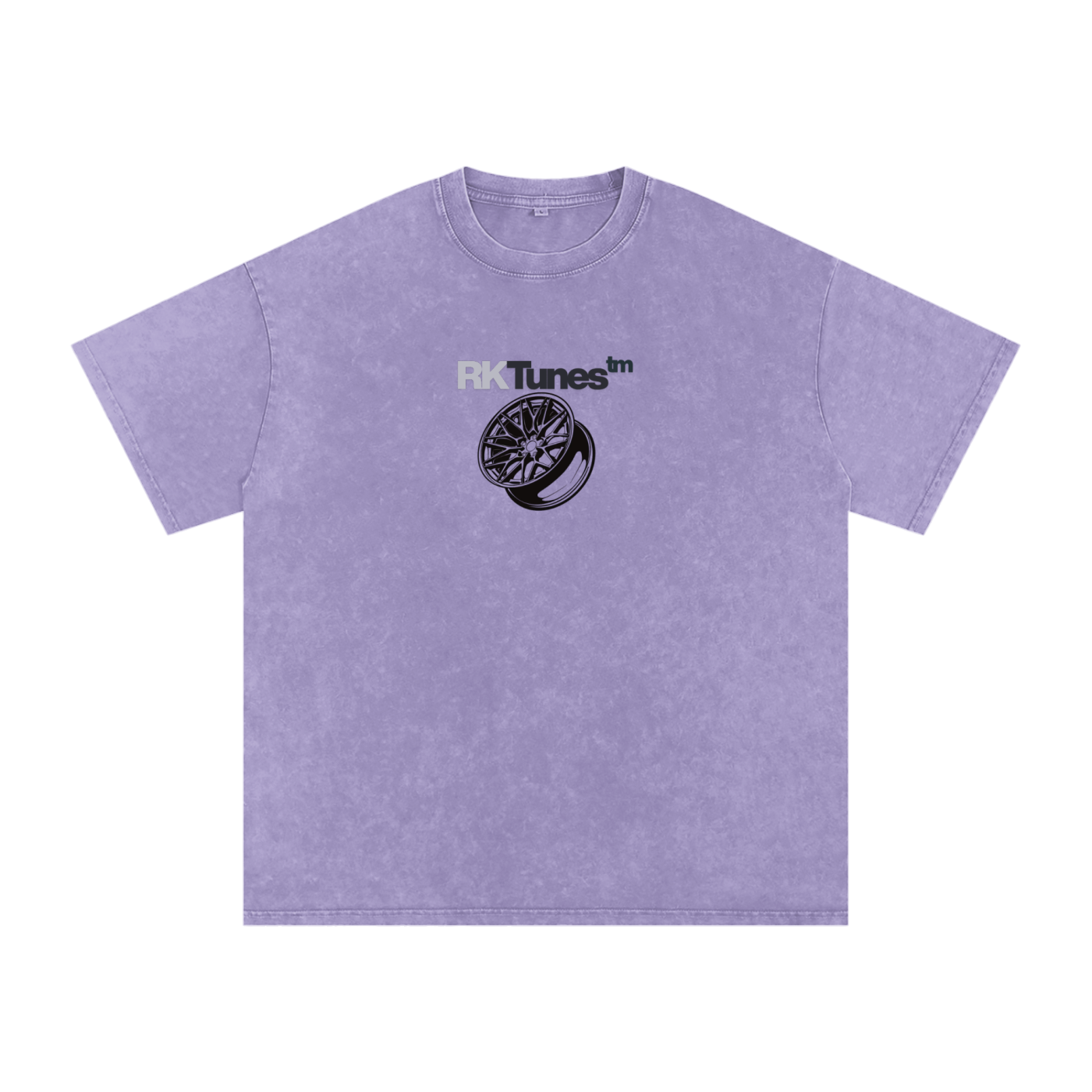 RK 826M Wheel Snow Washed Oversized Cotton T-Shirt
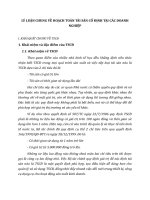 LÝ LUẬN CHUNG VỀ HOẠCH TOÁN TÀI SẢN CỐ ĐỊNH TẠI CÁC DOANH NGHIỆP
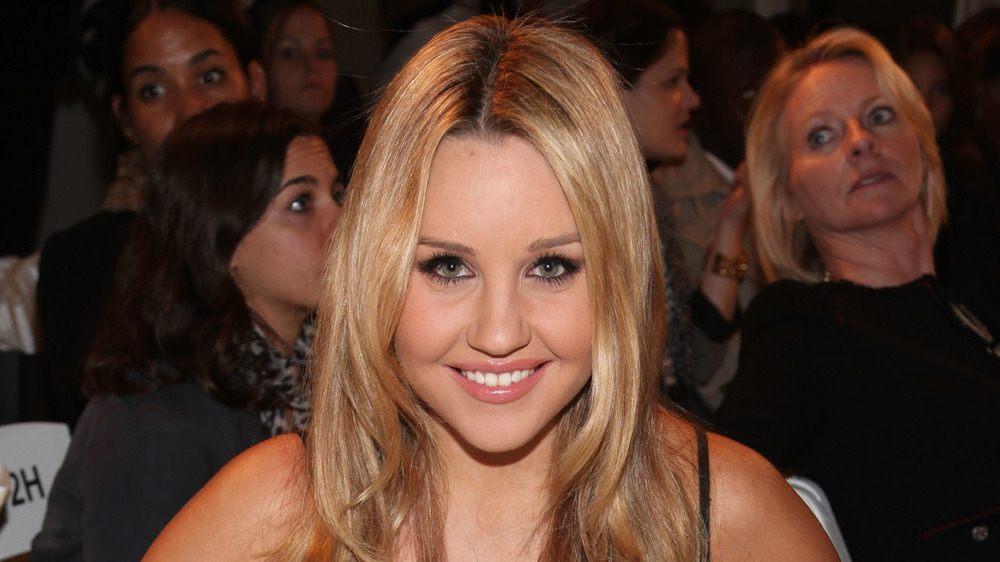 Amanda Bynes at a fashion show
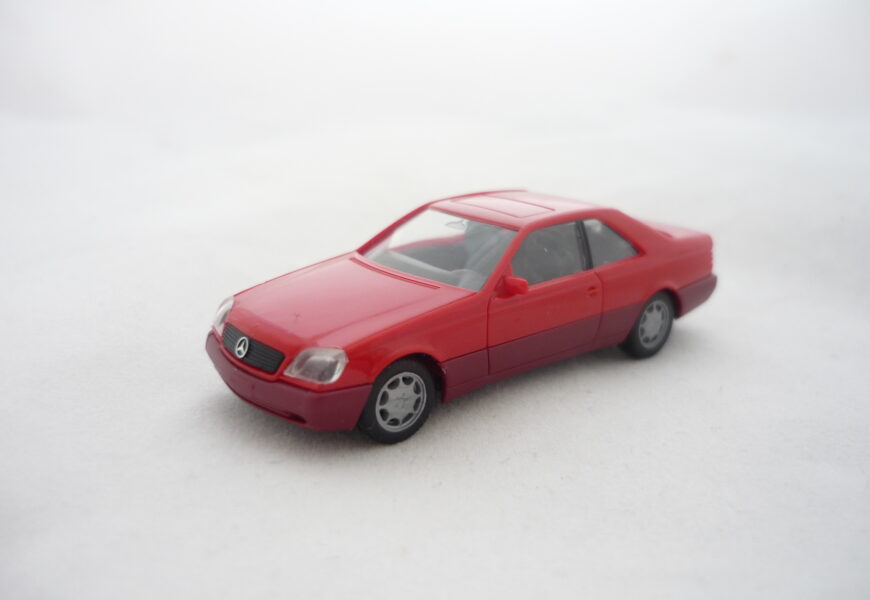 Mercedes Benz 600 SEC červený Herpa 1/87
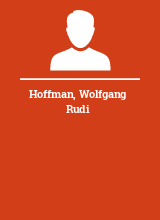 Hoffman Wolfgang Rudi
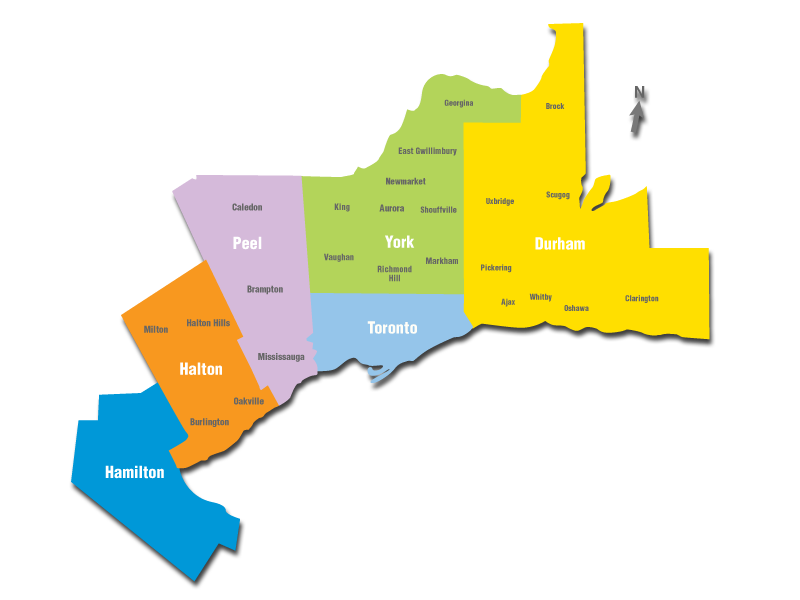 milton oakville ontario labour market report etobicoke whitby location sign
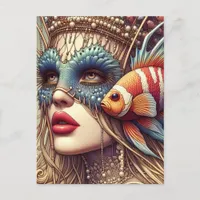 ClownFish Fashion Woman Postcard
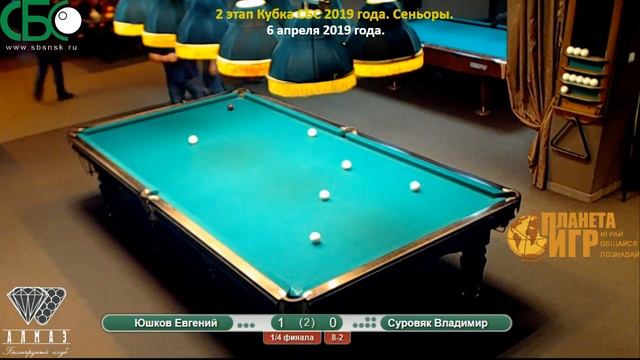 Юшков - Суровяк. 2 этап Кубка СБС 2019 года. Сеньоры. смотреть онлайн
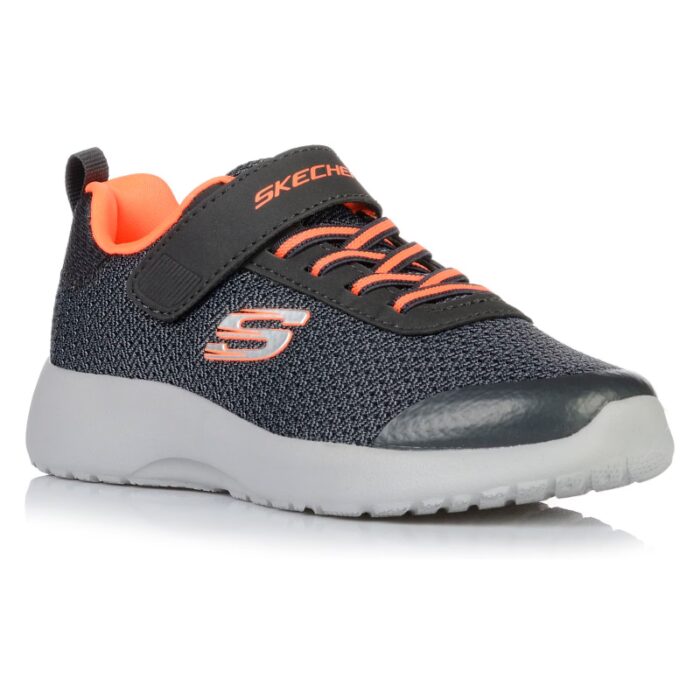 ⁦Skechers Kids' Dynamight - Ultra Torque Shoes- حذاء سكيتشرز ديانا ألترا تورق للأطفال لون أسود ورمادي ونعل أبيض⁩ - الصورة ⁦5⁩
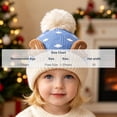 thumbnail image 4 of Wilark Toddler Christmas Hat with Pom Pom Warm Knitted Cute Winter Kids Festival Hat Blue 1-4 T, 4 of 7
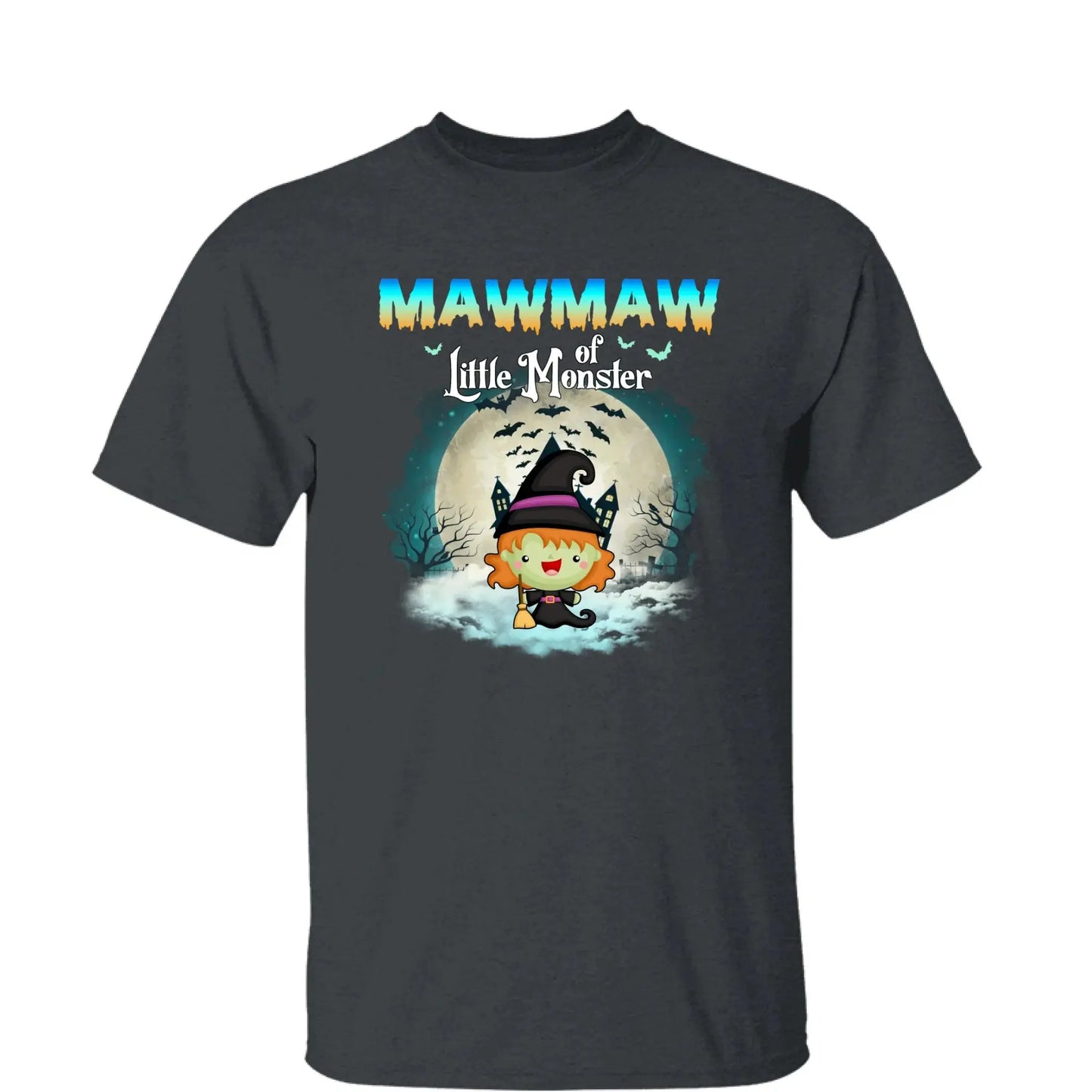 Grandma of Little Monsters – Personalized Halloween Shirt, Hoodie, or Sweatshirt – Funny Spooky Gift for Nana, Mimi, or Grandma Ezcustomize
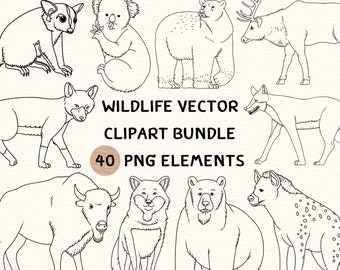 Wildlife Vector Clipart Bundle | Wildlife Vector Clipart | Wildlife Clipart | Wildlife Png Clipart | Wildlife Png | Wildlife Png Format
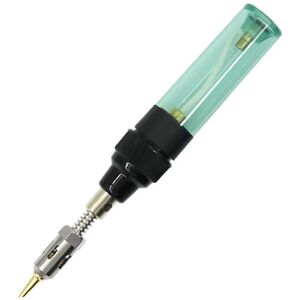 LANGRAY Gas Soldering Iron Gas Sold Iron Cordless Butane Gas Blow Torch Soldering Iron Gun Welding Pen Tool 1300℃(Green)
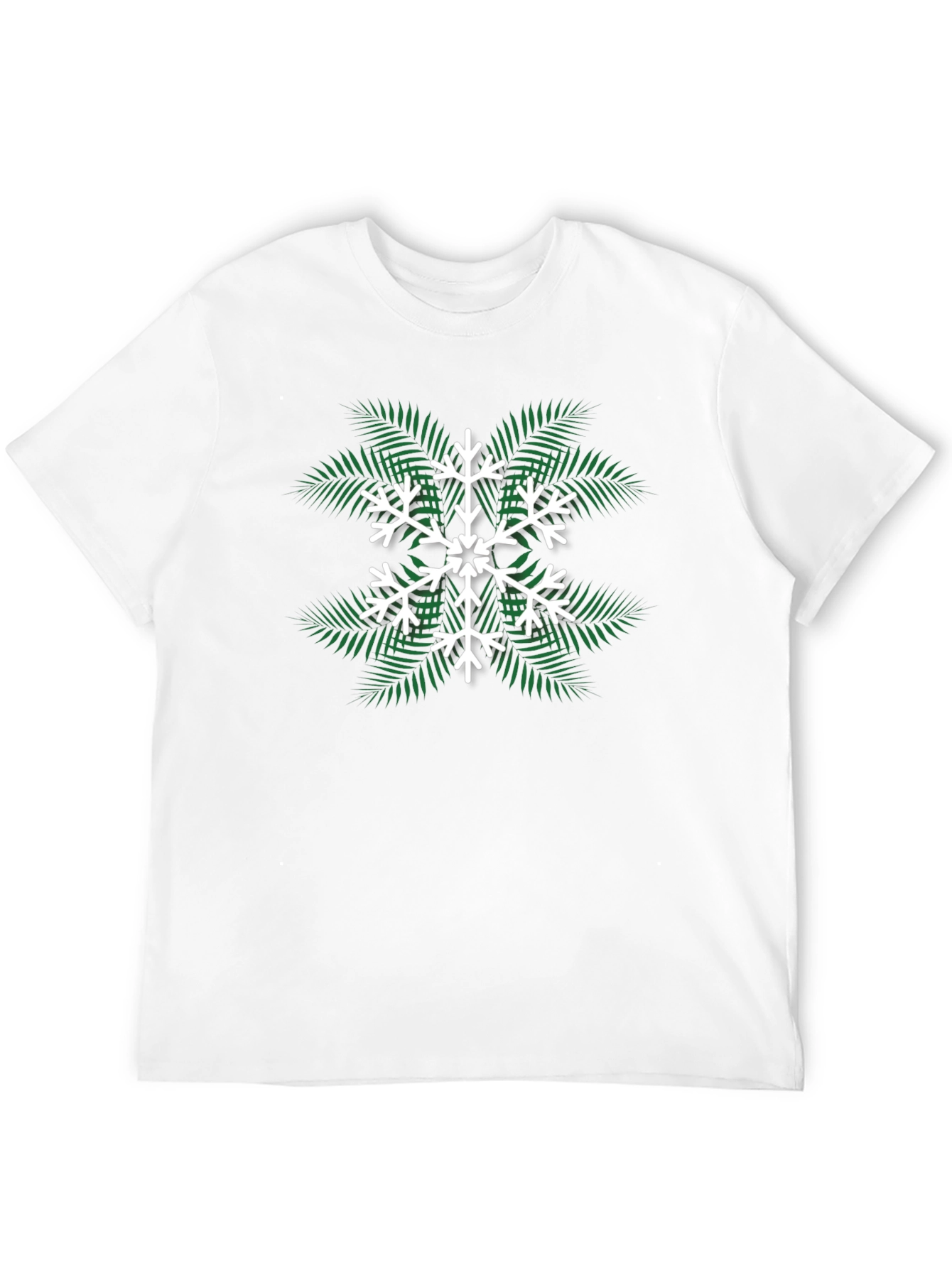 Tropical Snowflake Tee - Holiday Style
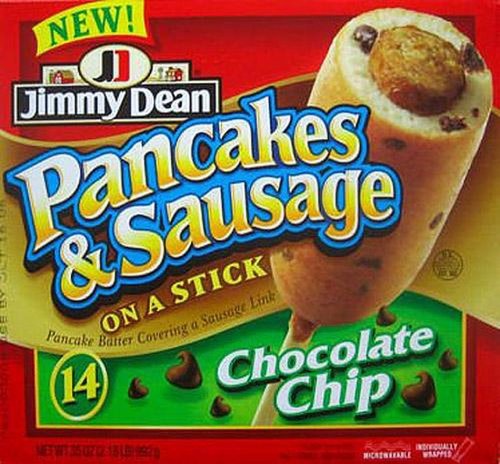 Jimmy Dean Chocolate Chip Pancakes & Sausage on a Stick Jimmy Dean Chocolate Chip Pancakes & Sausage on a Stick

☆ ☆ ☆ ☆ ☆ ☆ ☆

TASK: Give back exactly the lines from the one containing "Wildlife Vector Clipart Bundle" to the final line of the entries, both included, and no picture.

TASK OUTPUT:
 Wildlife Vector Clipart Bundle | Wildlife Vector Clipart | Wildlife Clipart | Wildlife Png Clipart | Wildlife Png | Wildlife Png Format
 LANGRAY Gas Soldering Iron Gas Sold Iron Cordless Butane Gas Blow Torch Soldering Iron Gun Welding Pen Tool 1300℃(Green)
 Tropical Snowflake Tee - Holiday Style
 Jimmy Dean Chocolate Chip Pancakes & Sausage on a Stick Jimmy Dean Chocolate Chip Pancakes & Sausage on a Stick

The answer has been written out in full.